Des litanies. Des histoires du quotidien, murmurées, parlées, assénées telles des coups dans le torse et sur le visage. Dans une délicatesse musicale perdue entre la folie et la mélancolie, Nicolas Tochet, alias Zéro Degré, observe, constate, regarde et lit. Beaucoup. À voix haute. Des textes à la température proche de gelées du cœur et de l’âme, bribes d’expériences sans cesse ressassées, revécues, traumatisantes et cherchant l’exutoire. La bile noire d’un ego malmené par les épreuves et les relations, la nausée de l’abandon ; mais « Rituels », ces gestes qui réconfortent, qui nous forcent à nous lever et à errer parmi nos semblables, est un livre de prières autant que de confessions ; une manne inépuisable de la cruauté et de l’impact qu’elle suscite en notre for intérieur, avant d’être recrachée dans une sensibilité paradoxale au premier abord, mais finalement rare et exceptionnelle.
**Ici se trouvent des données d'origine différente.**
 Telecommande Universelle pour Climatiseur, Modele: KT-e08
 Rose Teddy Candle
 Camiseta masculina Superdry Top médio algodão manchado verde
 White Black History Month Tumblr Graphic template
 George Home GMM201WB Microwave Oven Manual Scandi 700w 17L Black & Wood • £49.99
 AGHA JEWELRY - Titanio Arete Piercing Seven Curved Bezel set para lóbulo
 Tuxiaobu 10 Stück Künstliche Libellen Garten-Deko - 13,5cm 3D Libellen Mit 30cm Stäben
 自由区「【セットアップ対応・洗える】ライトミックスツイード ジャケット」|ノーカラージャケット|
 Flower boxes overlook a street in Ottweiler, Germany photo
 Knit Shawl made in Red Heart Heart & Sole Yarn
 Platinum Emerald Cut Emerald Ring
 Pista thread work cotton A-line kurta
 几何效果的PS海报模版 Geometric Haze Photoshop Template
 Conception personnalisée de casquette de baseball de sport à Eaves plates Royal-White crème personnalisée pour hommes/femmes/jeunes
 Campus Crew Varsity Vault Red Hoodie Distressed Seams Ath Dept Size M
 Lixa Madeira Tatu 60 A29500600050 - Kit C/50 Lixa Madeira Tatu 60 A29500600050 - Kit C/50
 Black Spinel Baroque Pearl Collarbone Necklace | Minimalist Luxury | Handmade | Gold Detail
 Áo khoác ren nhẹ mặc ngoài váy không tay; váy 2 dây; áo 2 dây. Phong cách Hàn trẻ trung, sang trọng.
Sortir, voir du monde et se noyer dans la foule. « Deuxième essai », tant discographique que volontaire, pour parvenir à ses fins ; à celles qui peuvent nous permettre de nous exorciser ou, au contraire, devenir un éternel recommencement. Douleur de la tentative, peur de sa conclusion, au milieu de cordes et d’un rythme lancinant et envoûtant. « Rituels » demeure, tout au long de ses quarante minutes, sur le fil du rasoir : « Derrière tes airs songeurs, la lassitude se dévoile vite », nous confie-t-il sur l’amer et réaliste « Une attendue rencontre » ; le déclin du couple dans toute sa grandeur et sa décadence. Plus loin, « Le rituel » embrasse la tristesse, la considère comme seule et unique source de réconfort. Aucun Pathos gratuit ni complaisance dans la plainte, chez Zéro Degré ; simplement, des repères que nous connaissons tous mais dont nous avons honte, que nous gardons pour nous de peur d’attirer la pitié ou la moquerie. « La nuit » part en quête de l’inconnu et du mystère de la révélation, alors que « Sortir » devient aussi vain que violent, l’ambiance se faisant pesante et foudroyante. « C’est trop tard pour la négociation » nous foudroie sur le magnifique et exutoire « Il fait jour et tu es dans le noir » ; là où l’étrangeté se meut en vérité, avant de conclure grâce à « Au dehors », support de guitares, batterie et claviers incitant à la révolte. Il n’est jamais trop tard.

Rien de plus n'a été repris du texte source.